Logarithms are a way to express how many times a number, known as the base, must be multiplied by itself to reach another number. This concept is fundamental in mathematics and is especially useful in dealing with large numbers or when solving equations involving exponential growth or decay. In essence, if you have

• \( b^x = a \),
• then \( x = \log_b a \).

The logarithm tells us the exponent \( x \).
For instance, \( \log_{10} 100 \) equals 2 because 10 raised to the power of 2 gives 100. When you see "log," it usually implies base 10 if not specified otherwise. It's important to note that logarithms can have different bases, like 2, 5, or even \( e \) (approximately 2.718), which is used in natural logarithms. Understanding this concept is crucial for tasks such as changing the base of a logarithm, which can simplify calculations and reveal new properties.
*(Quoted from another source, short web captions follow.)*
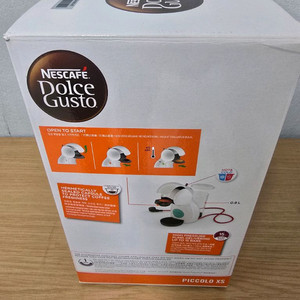 네스카페 돌체구스토 피콜로 XS 커피머신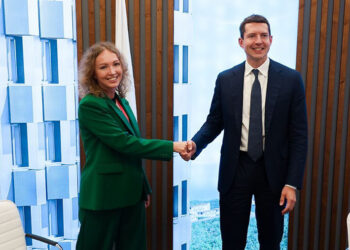 «Лемана ПРО» и Банк ДОМ.РФ договорились о сотрудничестве в области строительства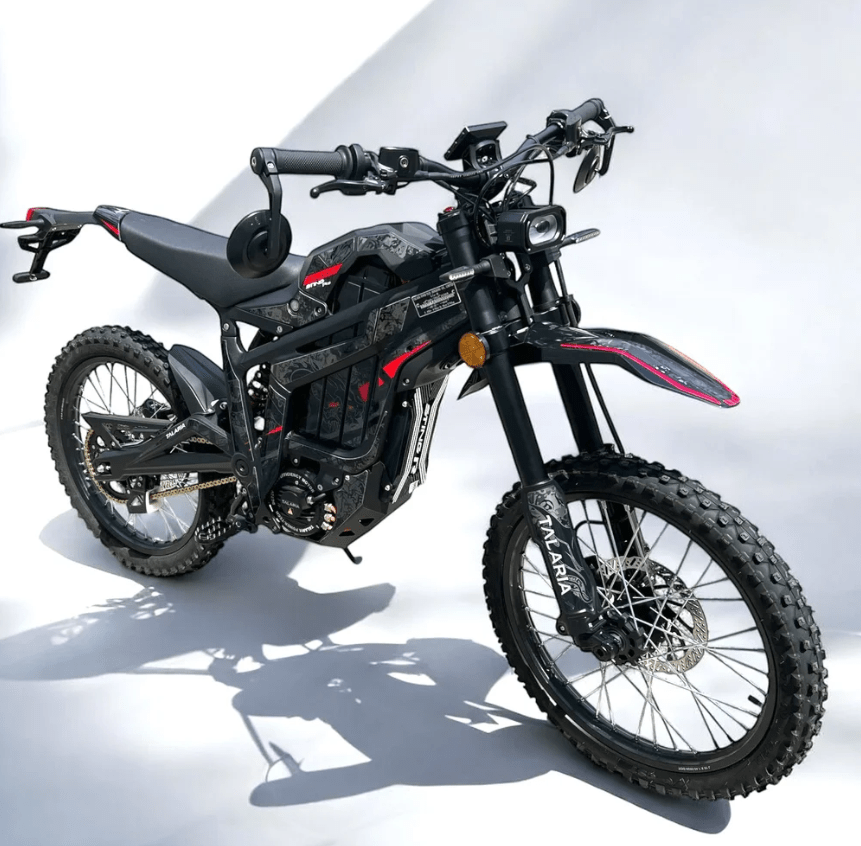 Talaria Sting Pro L1E (Road Legal) - Shock Moto Ltd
Changing the base of a logarithm can make computations more straightforward. The change of base formula is a powerful tool in logarithmic mathematics. It allows one to convert a challenging logarithm problem into a simpler one with a more familiar base. The formula is:

• \( \log_b a = \frac{\log_c a}{\log_c b} \),

where \( c \) is a more convenient base, usually 10 or \( e \).
In practice, this means you can take a logarithm that might be difficult to calculate directly, like \( \log_5 10 \), and use a calculator to find \( \log_{10} 10 \) and \( \log_{10} 5 \) instead. This method eliminates the need to perform complex base-specific calculations.
Why use base 10?
Electronic calculators commonly have pre-set functionality for base 10 (common logarithms) and base \( e \) (natural logarithms), making it easier and faster to perform base conversions and calculations. Thus, mastering base conversion through the change of base formula can significantly enhance one's ability to solve logarithmic problems efficiently.

Numerical approximation is an essential technique, often used when the exact solution to a mathematical problem is challenging or impossible to obtain manually. In the context of logarithms, it involves using calculators or computer algorithms to find approximate solutions to logarithmic expressions. This is particularly useful when dealing with logarithms of numbers that do not result in neat whole numbers.

• For instance, \( \log_{10} 5 \) doesn't yield a simple integer.
• Instead, with computational tools, we approximate it to \( 0.69897 \).

Using approximations, one can solve real-world problems where precision to several decimal places is sufficient. Calculators today are so advanced that they can deliver high precision logarithmic values, such as four decimal places, that are acceptable for most practical purposes. This involves dividing precise values, as shown in changing \( \log_5 10 \) to a decimal by using its approximate base 10 logarithms, yielding an answer like \( 1.4307 \). Essentially, numerical approximation bridges the gap between algebraic representation and practical solution-finding.